Italian economist Vilfredo Pareto was harvesting peas in his garden in 1896 when he noticed that 20% of the peapods produced 80% of the peas. He noticed that this same 80/20 rule applied to many economic outcomes as well.
At first, this idea was clunkily known as “The Law of the Trivial Many and the Vital Few.” (Vilfredo Pareto wasn’t much of a marketer.)
Later, he got the credit. The idea became known as the “Pareto Principle.” And the 80/20 rule became a tenet of management optimization so central that it’s easy to forget its power. But we see it every day.
Institutional LPs bring us in to deliver three things:
- Insight. We deliver insight about what they own with enhanced reporting.
- Liquidity. We deliver liquidity by executing secondary sales.
- Bandwidth. Where they want deeper help, we deliver bandwidth by taking on day-to-day management of underperforming investees or entire portfolios. We act as replacement GPs, taking on investee governance, underwriting, and even assuming check-writing authority where desired.
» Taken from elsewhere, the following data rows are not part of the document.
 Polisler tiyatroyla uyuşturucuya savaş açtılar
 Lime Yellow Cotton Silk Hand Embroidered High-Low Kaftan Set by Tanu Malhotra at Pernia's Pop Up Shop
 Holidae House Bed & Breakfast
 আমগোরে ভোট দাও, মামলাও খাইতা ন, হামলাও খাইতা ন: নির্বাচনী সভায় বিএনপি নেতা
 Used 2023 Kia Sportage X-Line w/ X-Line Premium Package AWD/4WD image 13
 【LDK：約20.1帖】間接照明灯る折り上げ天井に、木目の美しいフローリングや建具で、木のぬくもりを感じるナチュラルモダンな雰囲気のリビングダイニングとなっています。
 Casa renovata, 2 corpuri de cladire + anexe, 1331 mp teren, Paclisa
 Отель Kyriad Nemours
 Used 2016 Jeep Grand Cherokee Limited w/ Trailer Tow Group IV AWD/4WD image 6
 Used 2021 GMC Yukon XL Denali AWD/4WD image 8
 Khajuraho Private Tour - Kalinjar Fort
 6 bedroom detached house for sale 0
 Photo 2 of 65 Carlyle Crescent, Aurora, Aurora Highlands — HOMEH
What we do ultimately comes down to allowing institutional LPs to focus on what really matters.
Often we find that 80% of LPs’ time is spent on managing investees that are undergoing challenges; or that no longer have strategic value; or that have diminished investment prospects. That kills LPs’ ability to lavish their attention on the 20% of investees that really matter. We give LPs back their bandwidth.
In other words, we allow them to focus 80% of their time on the 20% of peapods that really matter. And we take on the rest.